Whyyyyy, I want that speed thats a wipe every second but it keeps going super saiyan. I read the owners manual and maybe Im doing it wrong or reading it wrong, can it be disabled? My mkvi gti is better, even when I come through a drive through it turns off and sometimes they stay super saiyan

https://images.app.goo.gl/yBRXFaAzjByzBnkr8


----------



## Hfqkhal (Oct 14, 2018)

Hedgehodge said:


> Whyyyyy, I want that speed thats a wipe every second but it keeps going super saiyan. I read the owners manual and maybe Im doing it wrong or reading it wrong, can it be disabled? My mkvi gti is better, even when I come through a drive through it turns off and sometimes they stay super saiyan...sigh
> 
> https://images.app.goo.gl/yBRXFaAzjByzBnkr8


You have the little switch on top of the stalk it has 4 settings. Each determines the cycle length. Also the cycle length depends on the amount of rain being sensed on the windshield. 
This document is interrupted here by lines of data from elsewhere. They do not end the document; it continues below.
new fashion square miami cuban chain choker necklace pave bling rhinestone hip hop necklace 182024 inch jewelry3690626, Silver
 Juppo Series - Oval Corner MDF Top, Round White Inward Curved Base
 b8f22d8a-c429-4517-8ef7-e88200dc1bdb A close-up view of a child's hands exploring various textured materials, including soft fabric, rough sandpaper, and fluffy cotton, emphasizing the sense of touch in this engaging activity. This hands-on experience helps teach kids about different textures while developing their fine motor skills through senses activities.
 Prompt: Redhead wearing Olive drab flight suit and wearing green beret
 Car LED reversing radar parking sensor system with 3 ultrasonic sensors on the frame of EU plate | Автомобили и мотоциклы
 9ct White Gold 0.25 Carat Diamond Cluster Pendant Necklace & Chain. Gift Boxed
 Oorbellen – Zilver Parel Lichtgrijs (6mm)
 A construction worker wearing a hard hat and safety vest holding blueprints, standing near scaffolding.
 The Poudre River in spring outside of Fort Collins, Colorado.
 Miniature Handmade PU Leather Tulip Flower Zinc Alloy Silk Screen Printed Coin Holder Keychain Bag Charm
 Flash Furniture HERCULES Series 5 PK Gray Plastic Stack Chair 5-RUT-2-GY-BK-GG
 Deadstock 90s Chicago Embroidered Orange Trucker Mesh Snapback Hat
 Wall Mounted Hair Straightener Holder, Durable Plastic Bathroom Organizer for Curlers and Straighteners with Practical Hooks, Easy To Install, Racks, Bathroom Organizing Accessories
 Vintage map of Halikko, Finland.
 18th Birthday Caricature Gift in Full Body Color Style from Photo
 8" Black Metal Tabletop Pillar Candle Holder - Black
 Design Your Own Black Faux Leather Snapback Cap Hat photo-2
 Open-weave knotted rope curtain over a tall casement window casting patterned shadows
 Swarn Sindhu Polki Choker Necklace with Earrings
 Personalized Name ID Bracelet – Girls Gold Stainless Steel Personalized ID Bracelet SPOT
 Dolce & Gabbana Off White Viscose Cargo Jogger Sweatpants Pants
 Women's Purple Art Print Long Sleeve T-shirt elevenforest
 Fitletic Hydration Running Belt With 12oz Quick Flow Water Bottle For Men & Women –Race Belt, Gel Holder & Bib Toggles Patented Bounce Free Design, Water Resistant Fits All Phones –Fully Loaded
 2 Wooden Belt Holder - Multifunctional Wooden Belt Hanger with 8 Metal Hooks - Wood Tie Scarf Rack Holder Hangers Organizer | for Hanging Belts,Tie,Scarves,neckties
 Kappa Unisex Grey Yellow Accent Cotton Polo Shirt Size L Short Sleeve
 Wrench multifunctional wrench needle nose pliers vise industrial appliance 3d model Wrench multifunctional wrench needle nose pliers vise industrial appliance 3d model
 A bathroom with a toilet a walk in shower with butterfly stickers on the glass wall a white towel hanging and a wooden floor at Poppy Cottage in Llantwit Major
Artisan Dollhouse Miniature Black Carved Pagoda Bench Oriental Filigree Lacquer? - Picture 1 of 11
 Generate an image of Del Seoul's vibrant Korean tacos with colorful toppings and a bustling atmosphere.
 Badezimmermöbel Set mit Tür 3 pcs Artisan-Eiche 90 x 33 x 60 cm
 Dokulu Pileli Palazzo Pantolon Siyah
Sent from my iPhone using Tapatalk


----------



## GTINC (Jan 28, 2005)

Hedgehodge said:


> Whyyyyy, I want that speed thats a wipe every second but it keeps going super saiyan. I read the owners manual and maybe Im doing it wrong or reading it wrong, can it be disabled? My mkvi gti is better, even when I come through a drive through it turns off and sometimes they stay super saiyan


The system on my 2016 R works very well. Wouldn't want a vehicle without it. Are you keeping the sensor area clean and free of tint?


----------



## ice4life (Nov 6, 2017)

Hedgehodge said:


> Whyyyyy, I want that speed thats a wipe every second but it keeps going super saiyan. I read the owners manual and maybe Im doing it wrong or reading it wrong, can it be disabled? My mkvi gti is better, even when I come through a drive through it turns off and sometimes they stay super saiyan
> 
> https://images.app.goo.gl/yBRXFaAzjByzBnkr8



You can turn off the rain sensor in the main screen settings. It reverts to normal intermittent op. I did it on my jetta b/c the rain sensor never works right.


----------



## OZ.IN.USA (Jan 29, 2011)

Hfqkhal said:


> You have the little switch on top of the stalk it has 4 settings. Each determines the cycle length. Also the cycle length depends on the amount of rain being sensed on the windshield.
> 
> 
> Sent from my iPhone using Tapatalk


:thumbup:


----------



## jimtunes (Mar 29, 2010)

Hfqkhal said:


> You have the little switch on top of the stalk it has 4 settings. Each determines the cycle length. Also the cycle length depends on the amount of rain being sensed on the windshield.
> 
> Sent from my iPhone using Tapatalk


I have the same complaint. Even at the least sensitive setting the wipers go way too fast, very often faster than low in the non-intermittent setting. They worked flawlessly in my 2017 Gti, but like crap in my 2019 Tiguan.


----------



## GTINC (Jan 28, 2005)

jimtunes said:


> I have the same complaint. Even at the least sensitive setting the wipers go way too fast, very often faster than low in the non-intermittent setting. They worked flawlessly in my 2017 Gti, but like crap in my 2019 Tiguan.


Have you cleaned the sensor spot on the windshield? Is the light sensor in the RVM unobstructed? BTW, the wipe rate is based on the rain fall rate, not a time interval.


----------